# Window regulator replacement procedure



## bruceseven82 (Nov 16, 2006)

I h ave an 03 Max SE and the front drivers side window is stuck in the down position. Took the door panel off and found that the motor is burned out. I was able to un-screw the regulator track and the motor, but they still don't come out. Do I need to un-screw the glass holder clamp or something. If so, how do I get to that ? Then afterward, should I remove the glass before attempting to replace the regulator unit or can the glass stay in the door while I do the replacement ? Any help here would be much appreciated.


----------



## bruceseven82 (Nov 16, 2006)

I'm happy to report that I completed the motor/regulator replacement in about 2 hours.
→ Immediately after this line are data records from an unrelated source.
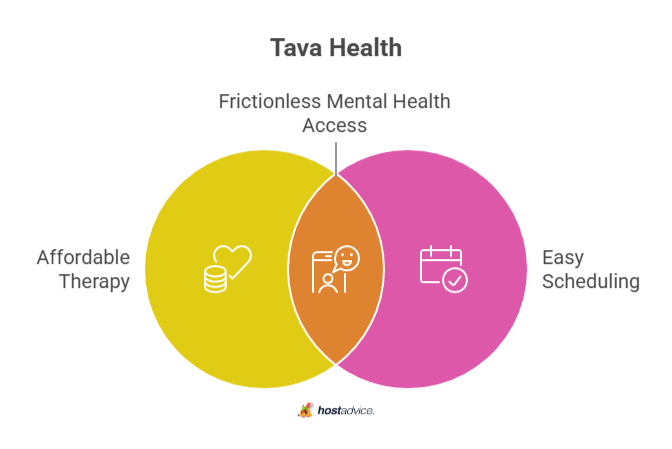 Tava Health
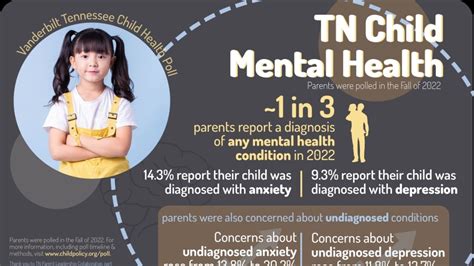 Addressing the Pediatric Mental Health Crisis: Understanding and ...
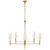 manufacturer_finish:Hand-Rubbed Antique Brass and Crystal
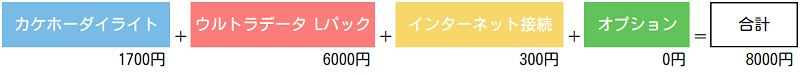 f:id:cashew-0:20190413185238p:plain ドコモの月額料金の合計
The answer to my problem was just as I thought - you have to un-screw the regulator flange (the piece that travels up and down the regulator channel) from the bottom of the window. Afterward, the glass just slides up (out of the way) and you can un-bolt the motor and the regulator and remove it through the access openning on the door. The most time consuming part was cutting the cables (top with a hack saw and bottom using a bolt cutter) because the motor was siezed and would not move (to allow the window to move to the position where theres access holes to un-bolt the flange from the glass). BTW - the dealer wanted about $400 for the motor and regulator (combo) whereas I was able to get it from an after market auto parts supplier for about $80 (brand new) with free shipping (took one week via UPS). Along with $200 in labor savings, I figure I saved a total of over $500 for 2 hours of hands on experience. This is one car project that I'll definately not hesitate to do if I ever need it again.


----------